Clearing the way for a cut to the main interest rate, Powell said, “with [monetary] policy in restrictive territory, the baseline outlook and the shifting balance of risks may warrant adjusting our policy stance.”
When exploring the outlook for inflation, Atlanta Fed economists examined data from the regional bank’s Survey of Business Uncertainty, a monthly gauge of the outlook of C-suite executives and business owners who lead private, non-agricultural companies. The national survey encompasses all major industrial sectors and gathers more than 900 responses.
“We find that business executives, on average, have ratcheted up their year-ahead price growth expectations since the end of last year,” the economists said. “Firms with supply chains that rely on imported goods have revised up their year-ahead expectations markedly.”
“Price expectations have increased meaningfully since the end of last year,” the economists said.
“Although the imposition of tariffs appears to be the catalyst for the pickup in price growth expectations, the spillover onto insulated firms raises the risk of a broad-based increase in inflation,” they said, defining “insulated firms” as those that source goods domestically and do not pay tariffs.
Powell, while warning about labor market weakness, did not brush off the threat of inflation.
“Near term risks to inflation are tilted to the upside,” he said.
The impact of import duties may be comparatively brief — a one-time jump in prices, Powell said, while cautioning that the cost of tariffs will take time to pass through supply chains and distribution networks.
“It is also possible, however, that the upward pressure on prices from tariffs could spur a more lasting inflation dynamic, and that is a risk to be assessed and managed,” Powell said.

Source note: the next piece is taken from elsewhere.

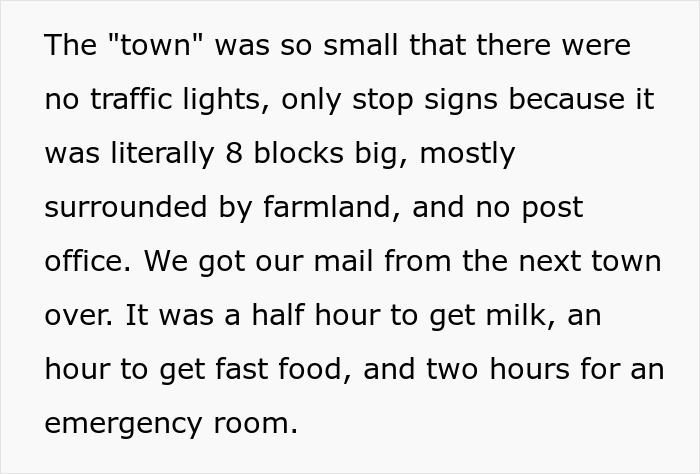 Small rural town with no traffic lights, surrounded by farmland, highlighting child out of spite experiences. Small rural town with no traffic lights, surrounded by farmland, highlighting child out of spite experiences.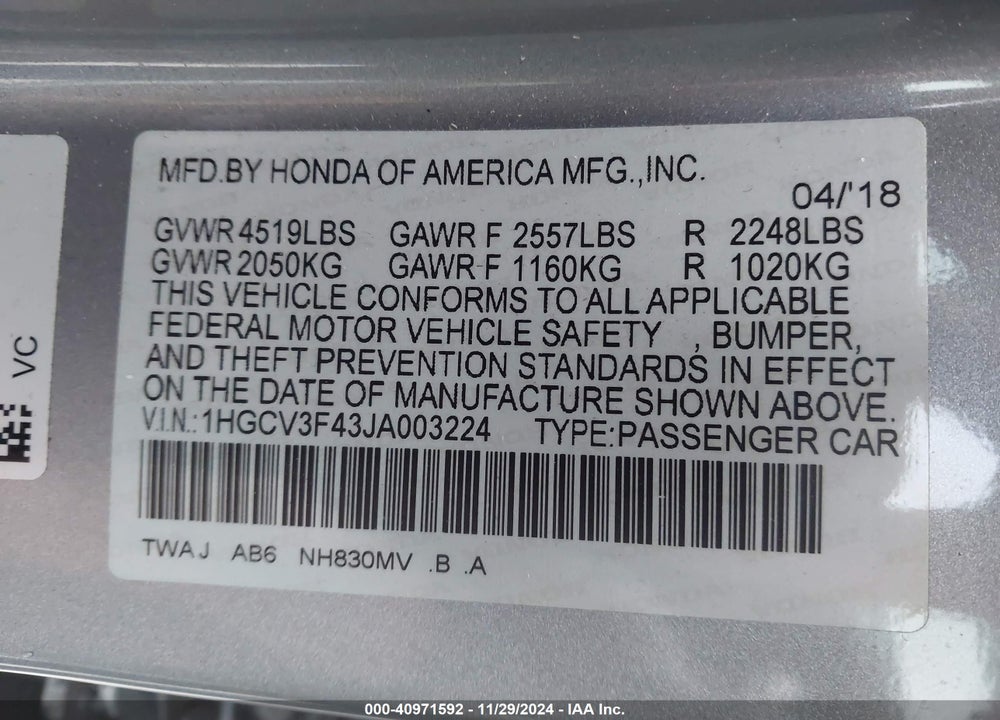 2018 HONDA ACCORD HYBRID VIN: 1HGCV3F43JA003224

Other Fed officials have recently flagged inflation risks.
While the job market warrants monitoring, “you also have to be nervous about the inflation side,” Richmond Fed President Tom Barkin said in a Bloomberg podcast released Monday.
Inflation is “sticky” and may accelerate to 3%, he said, noting that “people are passing on costs, and then people who don’t even have the costs are using this as a cover to pass on costs.”
The Fed’s preferred inflation measure, the personal consumption expenditures price index excluding volatile food and energy prices, likely rose 2.9% last month, inching up from 2.8% in June and further from the central bank’s 2% long-run target, Powell said.
Consumers see inflation worsening. Their average 12-month inflation expectations jumped to 6.2% this month from 5.7% in July, the Conference Board said Tuesday in a report on consumer confidence.
Write-in responses to the survey “showed that references to tariffs increased somewhat and continued to be associated with concerns about higher prices,” Stephanie Guichard, senior economist for global indicators at the Conference Board, said in a statement.
Also, “references to high prices and inflation, including food and groceries, rose again in August,” Guichard said.